● Required action: Copy exactly and only the lines running from the one that contains "Hummingbird Logo Hoodie" to the final line of the data below, without the pictures.

(Caption-style text data)
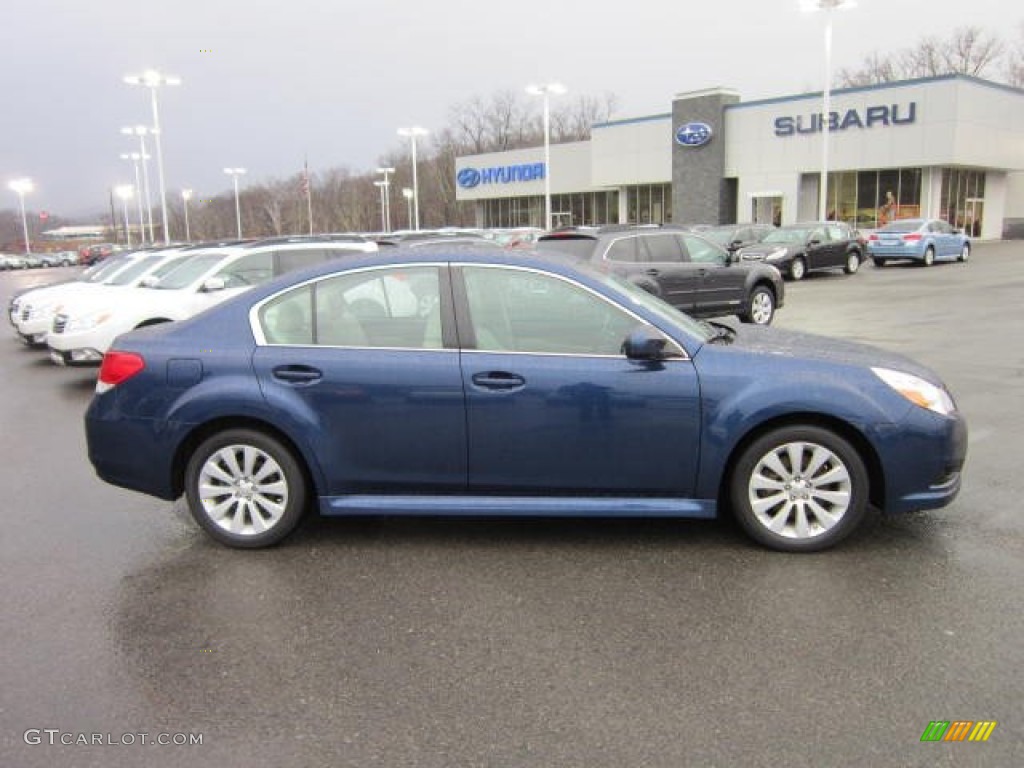 Azurite Blue Metallic 2010 Subaru Legacy 3.6R Limited Sedan Exterior Photo #59746022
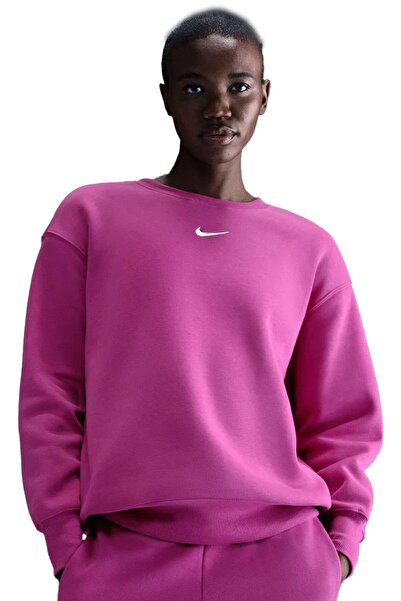 Nike Colecția Esențială de Îmbrăcăminte Sport: Hanorac din Fleece Oversized p...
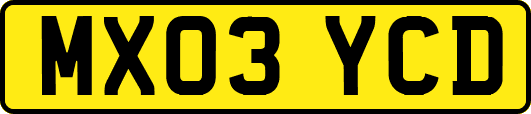 MX03YCD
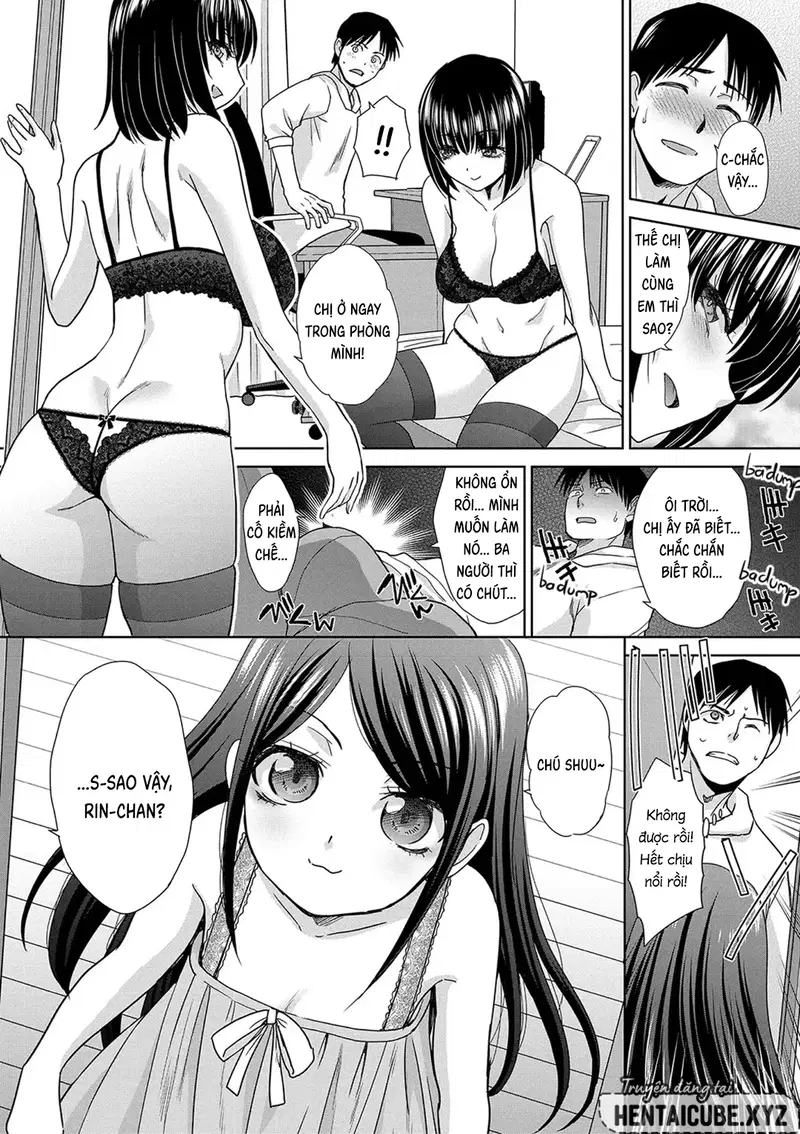 Shinseki Midara My Home Harem - Trang 8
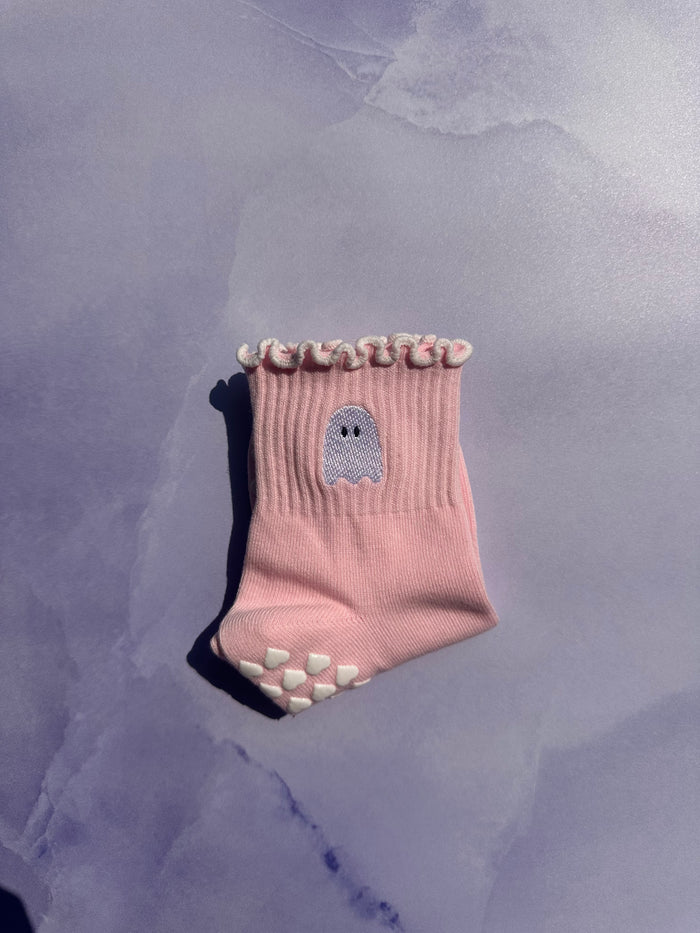 Ghost in ballet pink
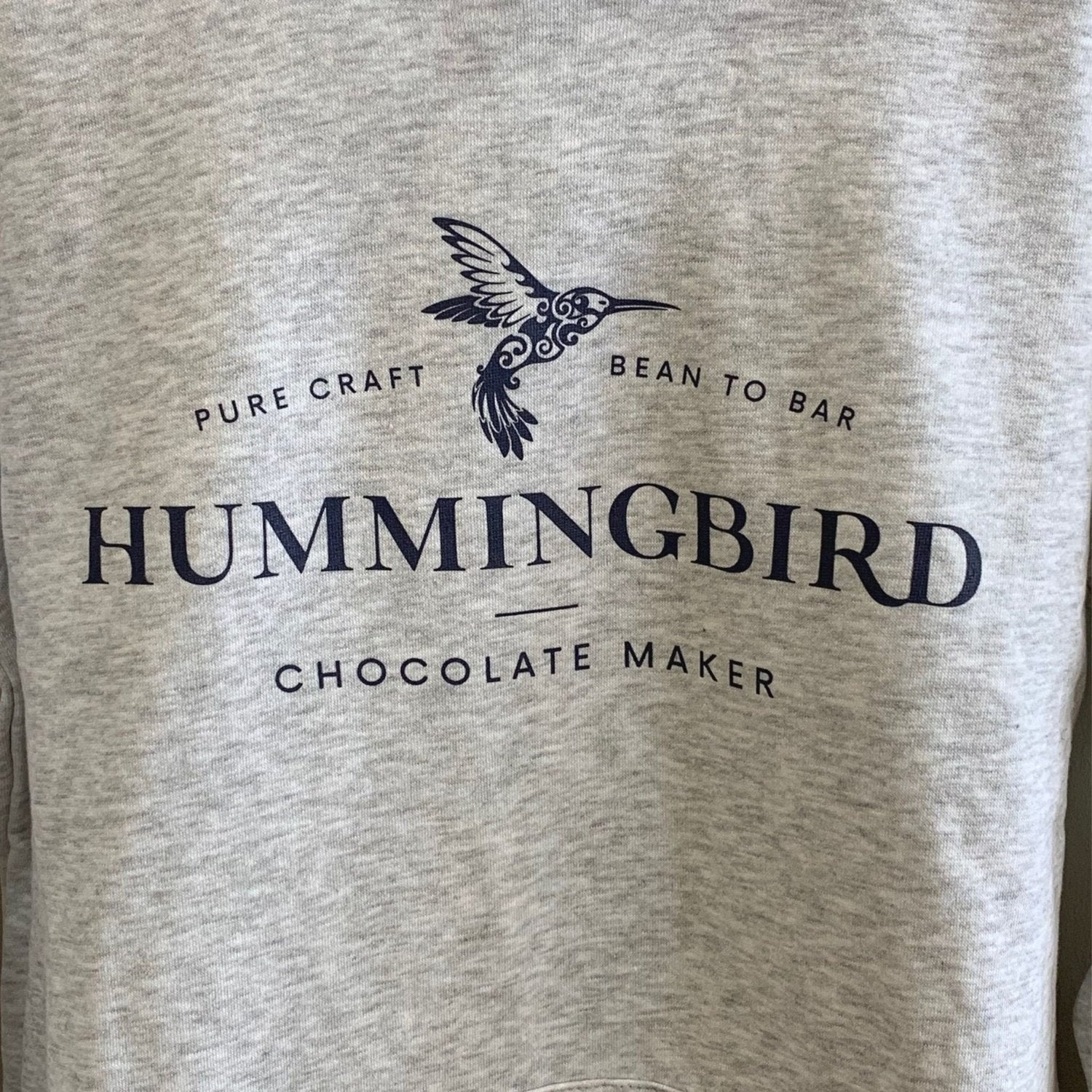 Hummingbird Logo Hoodie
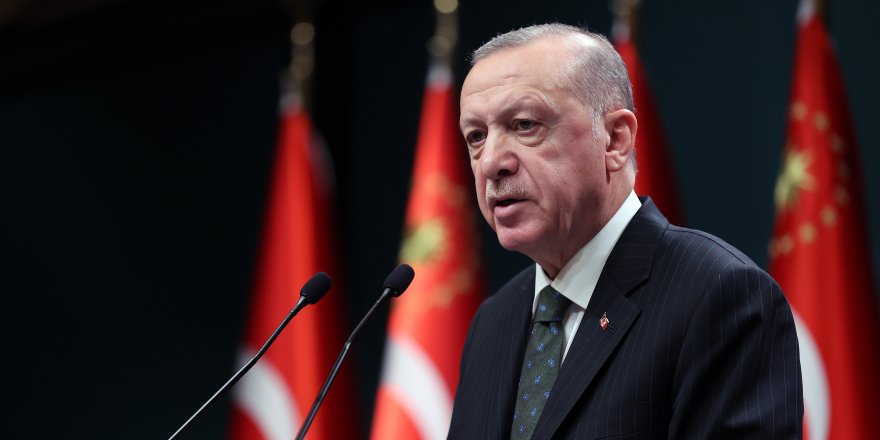 Cumhurbaşkanı Erdoğan: "Artık bu ülke yüksek faizle parasına para katılanların cenneti olmayacak, artık ithalat cenneti olmayacak”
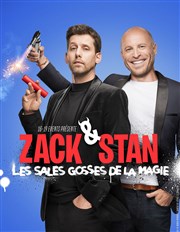 Zack et Stan dans Les sales gosses de la magie L'Odeon Montpellier Affiche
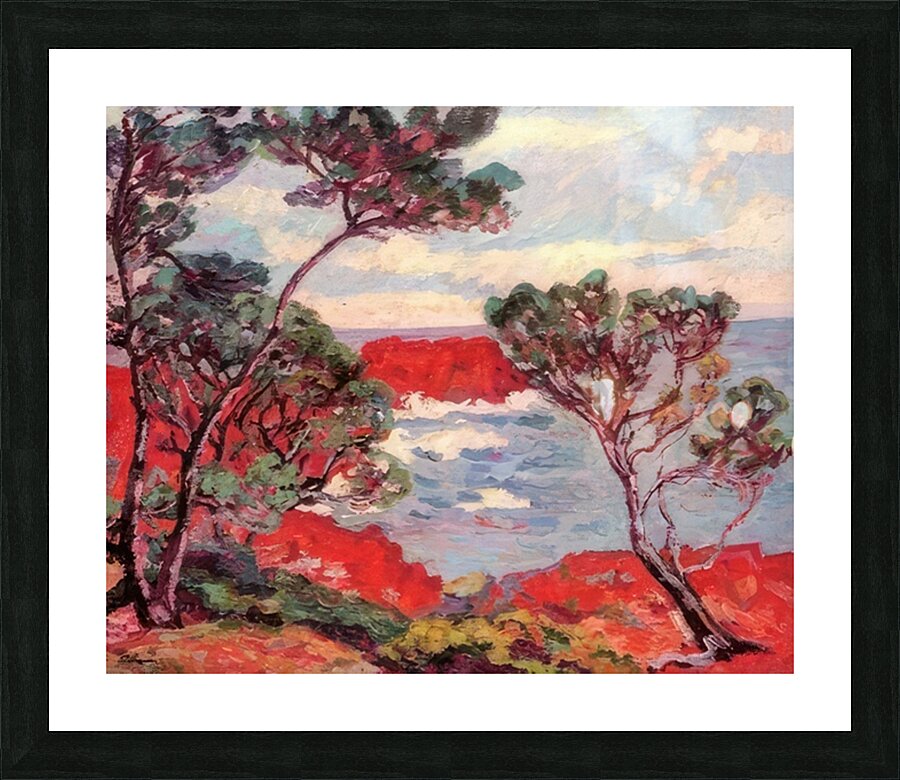 Armand Guillaumin 17 Picture Frame print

● Exercise output:
 Hummingbird Logo Hoodie
 Cumhurbaşkanı Erdoğan: "Artık bu ülke yüksek faizle parasına para katılanların cenneti olmayacak, artık ithalat cenneti olmayacak”
 Zack et Stan dans Les sales gosses de la magie L'Odeon Montpellier Affiche
 Armand Guillaumin 17 Picture Frame print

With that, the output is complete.